[DATA LISTING Boundary: Start]

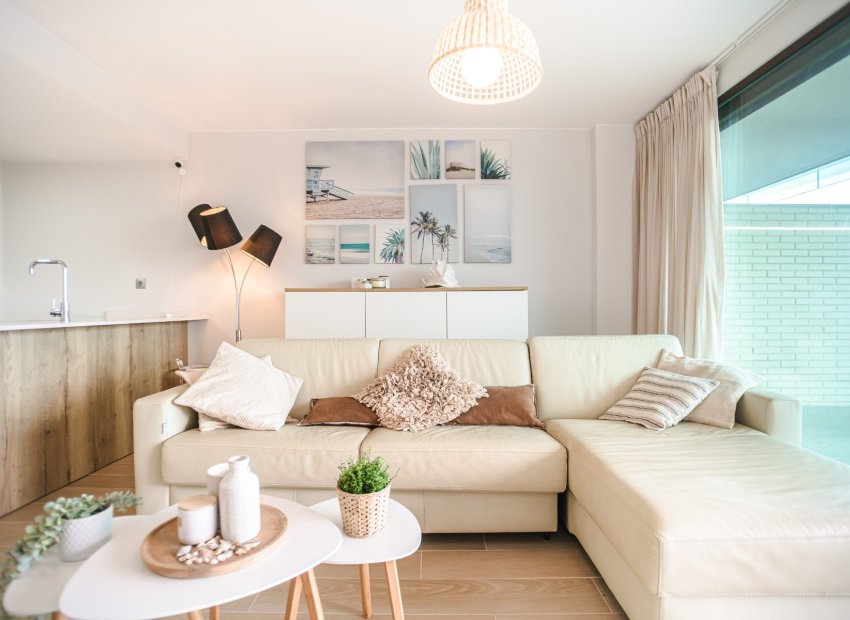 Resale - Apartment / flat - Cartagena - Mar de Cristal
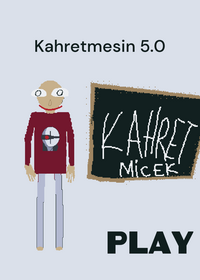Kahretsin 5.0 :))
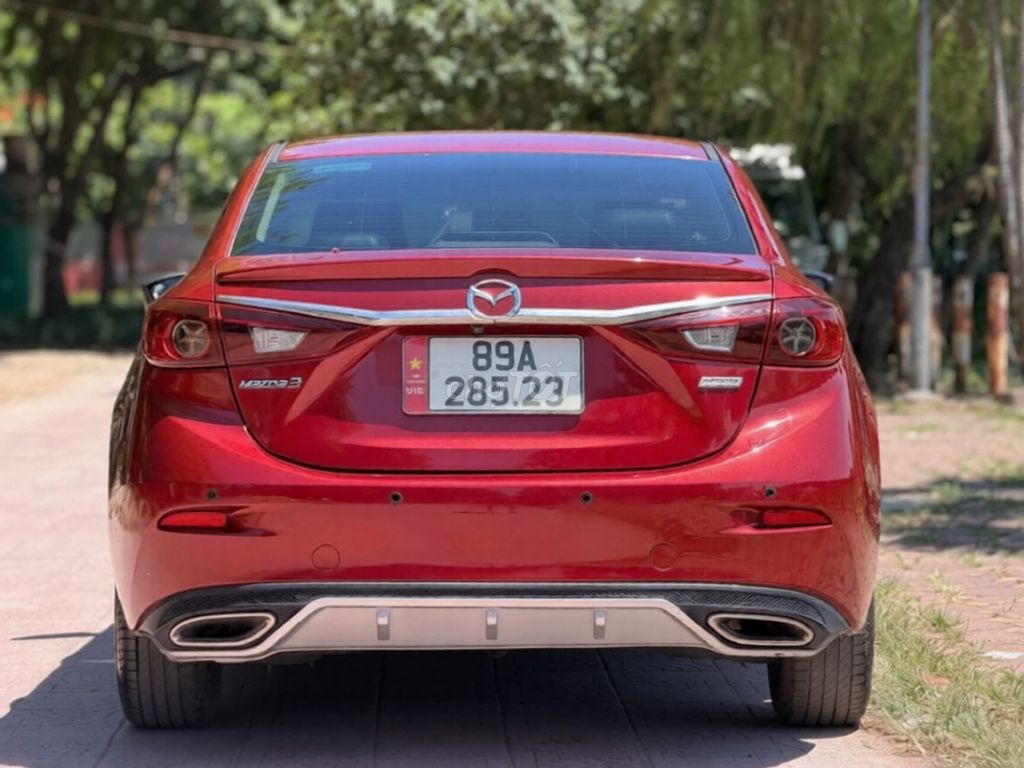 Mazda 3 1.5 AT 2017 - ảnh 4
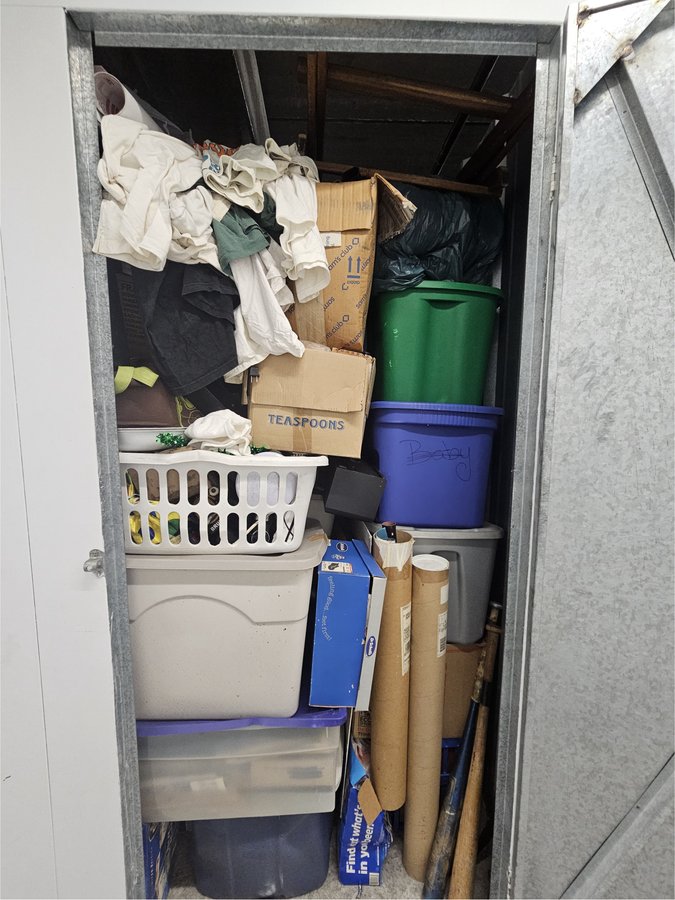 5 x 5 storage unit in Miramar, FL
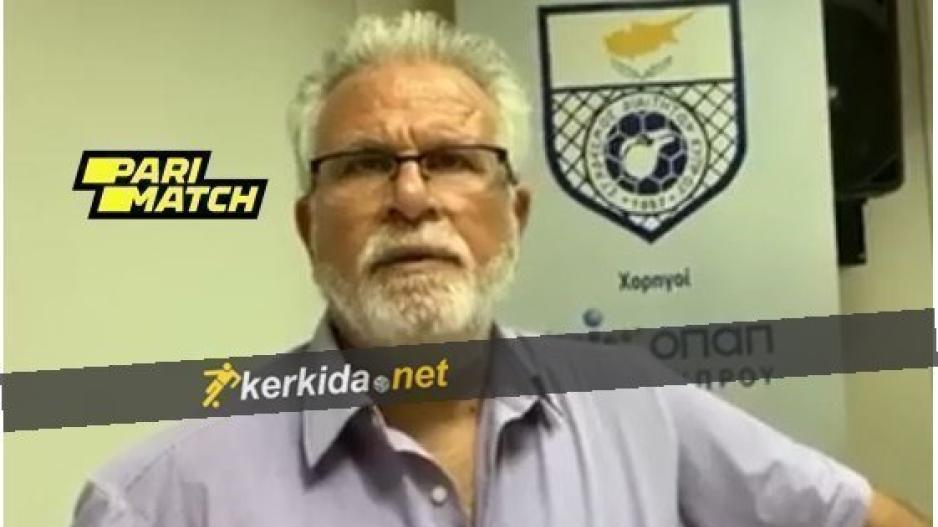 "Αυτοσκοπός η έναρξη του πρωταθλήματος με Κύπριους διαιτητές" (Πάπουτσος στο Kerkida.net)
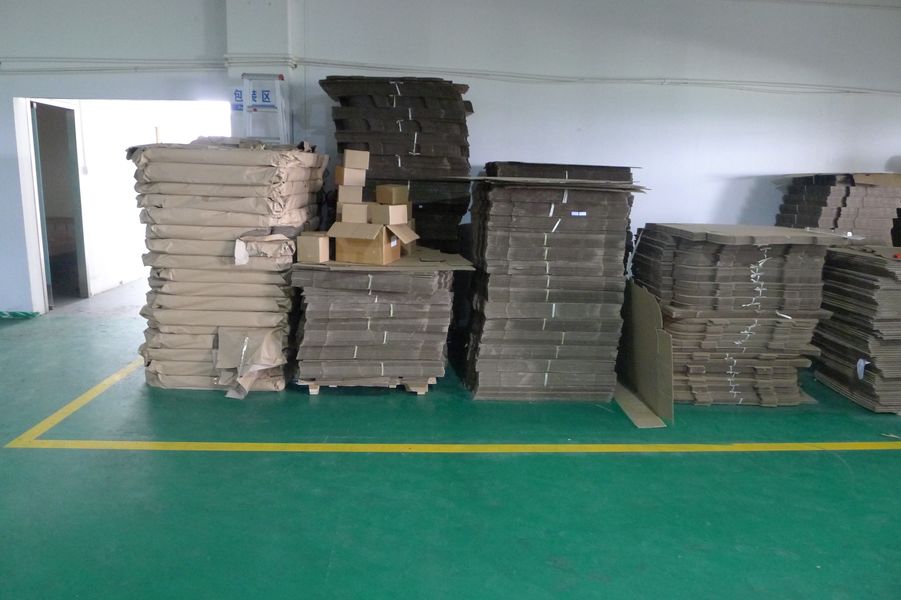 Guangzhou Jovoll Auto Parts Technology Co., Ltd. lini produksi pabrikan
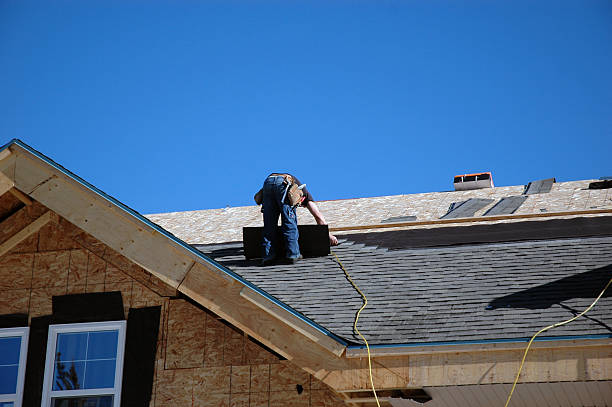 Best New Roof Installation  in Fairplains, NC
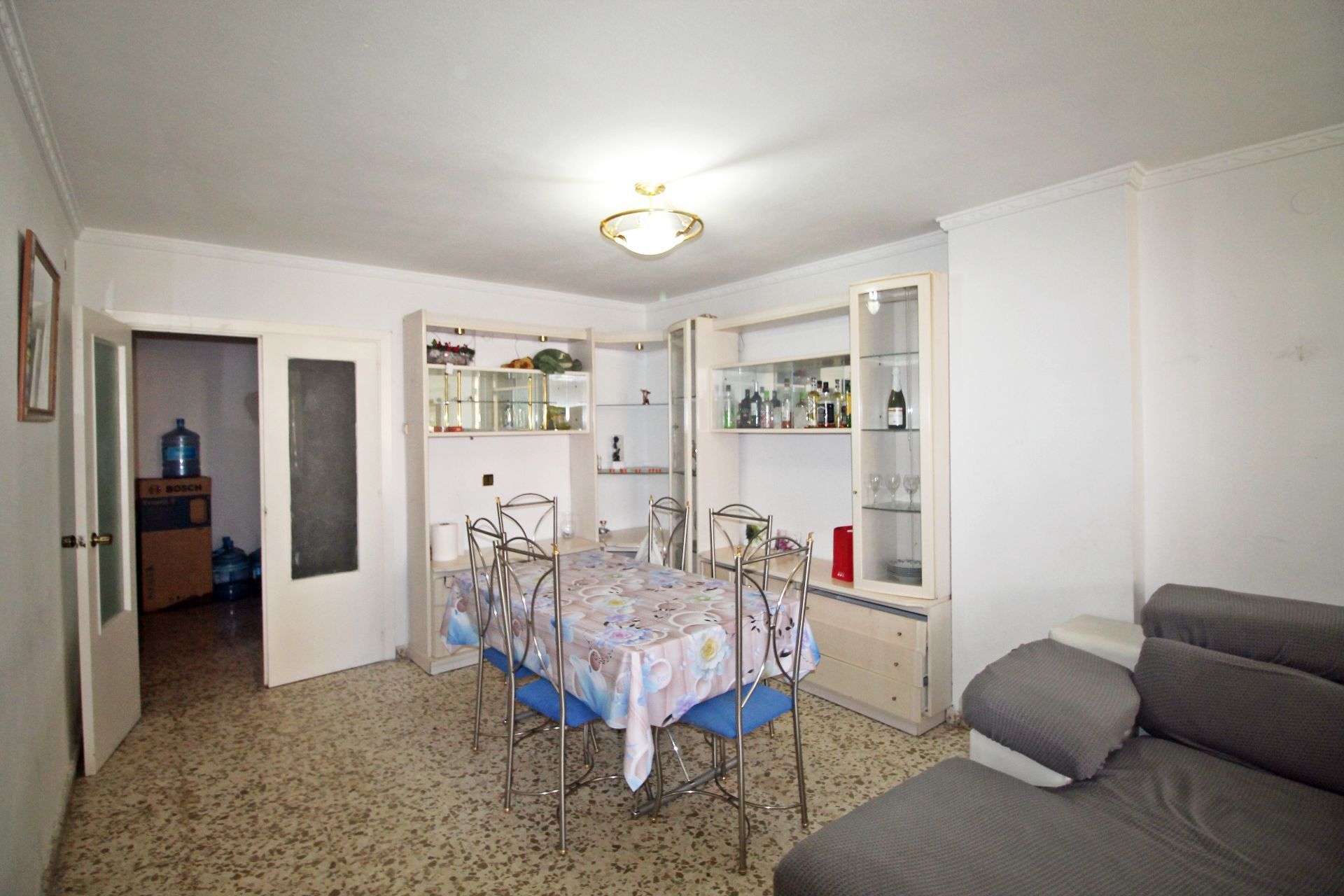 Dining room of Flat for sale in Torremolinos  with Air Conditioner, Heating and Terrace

[DATA LISTING Boundary: End]

■ WORK TO COMPLETE
Only the pictures are to be omitted; the records above must otherwise be reproduced exactly.

■ ANSWER FOR THIS EXERCISE
 Resale - Apartment / flat - Cartagena - Mar de Cristal
Kahretsin 5.0 :))
 Mazda 3 1.5 AT 2017 - ảnh 4
 5 x 5 storage unit in Miramar, FL
 "Αυτοσκοπός η έναρξη του πρωταθλήματος με Κύπριους διαιτητές" (Πάπουτσος στο Kerkida.net)
 Guangzhou Jovoll Auto Parts Technology Co., Ltd. lini produksi pabrikan
 Best New Roof Installation  in Fairplains, NC
 Dining room of Flat for sale in Torremolinos  with Air Conditioner, Heating and Terrace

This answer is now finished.